Le pré-générique annonce un conte. Mais s’il y conte de fée, ce n’est pas dans l’histoire que raconte le film, où il n’y a ni roi ni reine ni prince, mais plutôt dans le cheminement de l’aventure qu’a vécue Emilie Brisavoin depuis des heures de rushes tournées en vrac jusqu’à l’objet final qui s’est retrouvé, par quel miracle, sélectionné à Cannes dans la section ACID et qui à partir du 23 décembre va connaître une programmation dans de vraies salles, devant un public.

L’histoire commence ainsi : on a prêté un jour une caméra à Emilie Brisavoine et on l’a mise au défi de s’en servir.
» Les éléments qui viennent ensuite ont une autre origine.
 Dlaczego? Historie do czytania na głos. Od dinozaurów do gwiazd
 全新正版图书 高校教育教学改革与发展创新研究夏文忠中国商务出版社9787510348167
Elle a relevé le défi et pour cela, elle ne s’est pas lancée dans l’écriture d’un scénario

Elle a choisi de filmer son entourage, une famille atypique comportant un beau-père amateur de travestissement, une mère qui mange une choucroute avec un chapeau sur la tête, une demi-sœur qui a du bagout, un naturel et un humour qui se prêtent bien à la caméra et dont elle a fait le personnage principal.

Il y avait sans doute matière à faire un film avec de tels ingrédients mais il aurait fallu que les personnages viennent de quelque part, que des situations soient installées, qu’à défaut d’ossature, il y ait au moins un fil qui relie les moments entre eux.

Cinéma : Pauline s'arrache
Cinéma : Pauline s’arrache

« J’ai tout essayé  » dit Emilie Brisavoine dans le dossier de presse. « Comme je n’y connaissais rien aux caméras qu’on me prêtait, j’appuyais dessus au hasard et ça filmait ce que ça filmait » reconnaît-elle.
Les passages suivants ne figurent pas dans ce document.